What you have to do.
Restate the listing below word for word, omitting any images.

Data block.
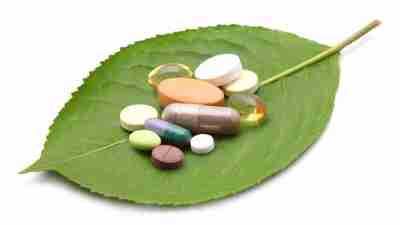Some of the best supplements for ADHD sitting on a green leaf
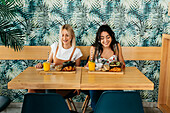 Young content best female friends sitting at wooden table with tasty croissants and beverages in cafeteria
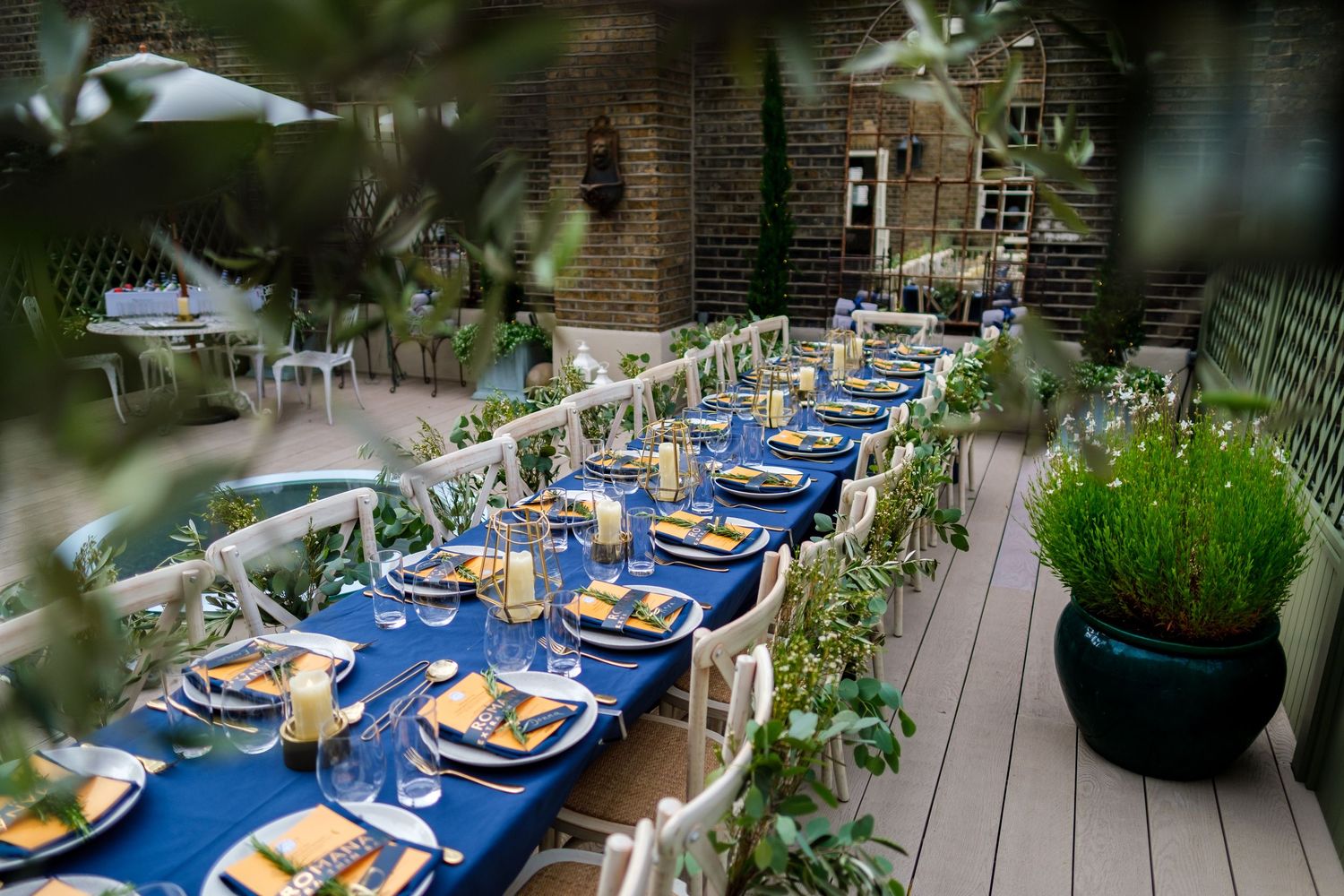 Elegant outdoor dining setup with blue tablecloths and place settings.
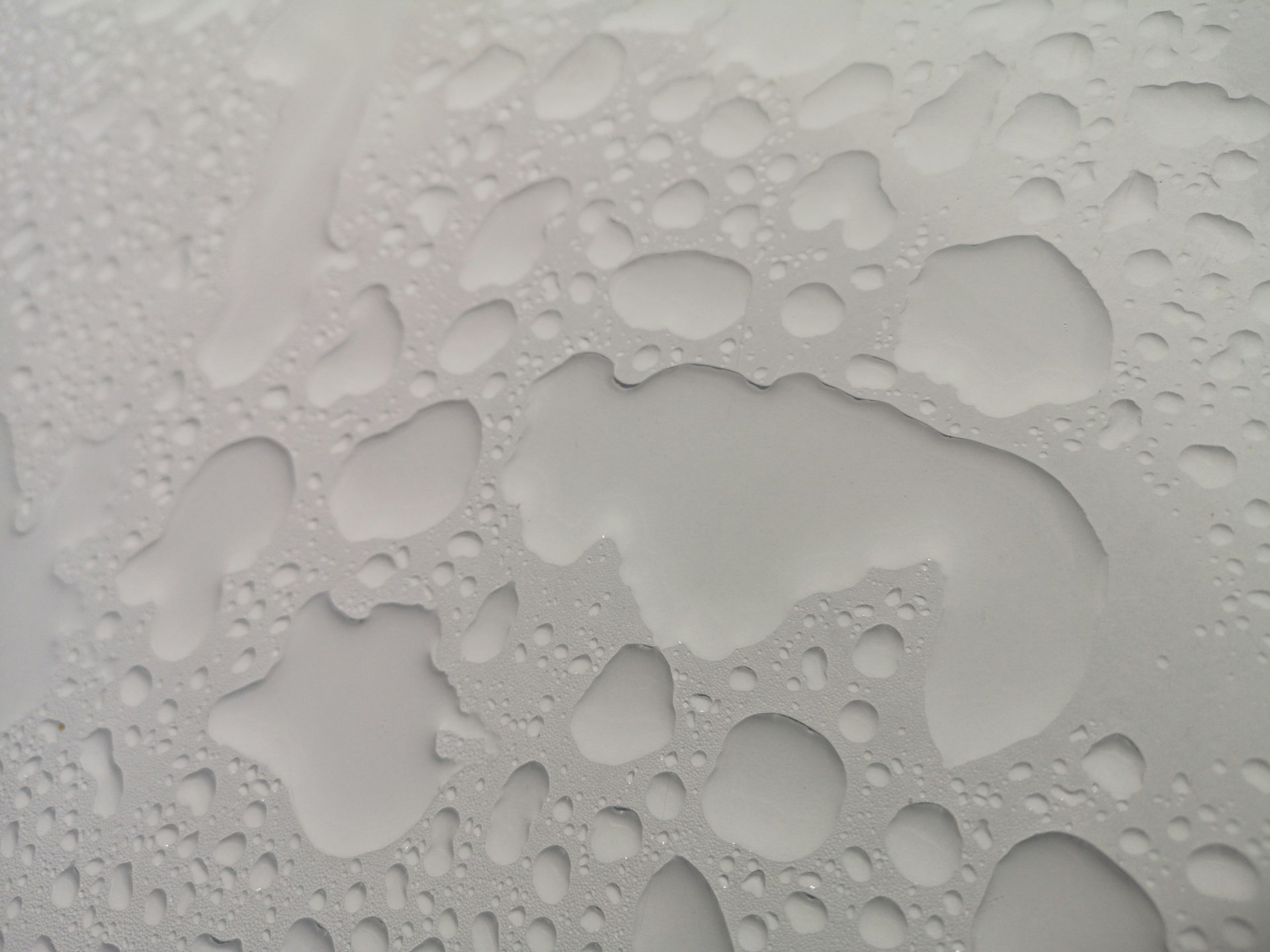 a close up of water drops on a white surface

Solution for this exercise.
Some of the best supplements for ADHD sitting on a green leaf
 Young content best female friends sitting at wooden table with tasty croissants and beverages in cafeteria
 Elegant outdoor dining setup with blue tablecloths and place settings.
 a close up of water drops on a white surface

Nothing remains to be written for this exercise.